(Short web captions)
☆ ☆ ☆

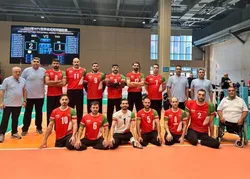 والیبال نشسته قهرمانی جهان؛ شروع قهرمانی نهم مردان ایران با برد مقابل لهستان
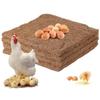 5/10 Stuks Nestinlegger Kokosvezel Mat Nestkast Kippenhok Vogel Konijn Mat Warmtepad Pluimvee Reptiel Benodigdheden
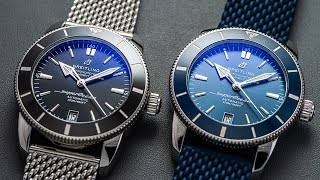 An Overlooked Dive Watch That Deserves More Attention - Breitling SuperOcean Heritage B20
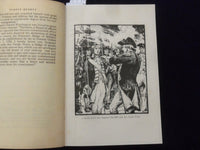 1938 PURPLE HEARTS HARDCOVER BOOK BY SAM H. ELLIOTT - KD 8733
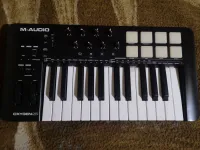 M-Audio Oxigen 25 MK5 Teclado MIDI - arpad65 [Yesterday, 8:44 pm]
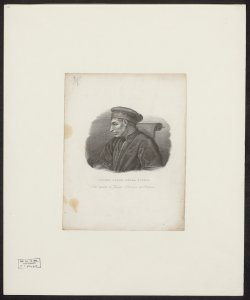 Cosimo padre della patria : dal dipinto di Jacopo Carrucci da Pontormo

☆ ☆ ☆

Leave out the pictures and return every record word for word.

## Solution
 والیبال نشسته قهرمانی جهان؛ شروع قهرمانی نهم مردان ایران با برد مقابل لهستان
 5/10 Stuks Nestinlegger Kokosvezel Mat Nestkast Kippenhok Vogel Konijn Mat Warmtepad Pluimvee Reptiel Benodigdheden
 An Overlooked Dive Watch That Deserves More Attention - Breitling SuperOcean Heritage B20
 1938 PURPLE HEARTS HARDCOVER BOOK BY SAM H. ELLIOTT - KD 8733
 M-Audio Oxigen 25 MK5 Teclado MIDI - arpad65 [Yesterday, 8:44 pm]
 Cosimo padre della patria : dal dipinto di Jacopo Carrucci da Pontormo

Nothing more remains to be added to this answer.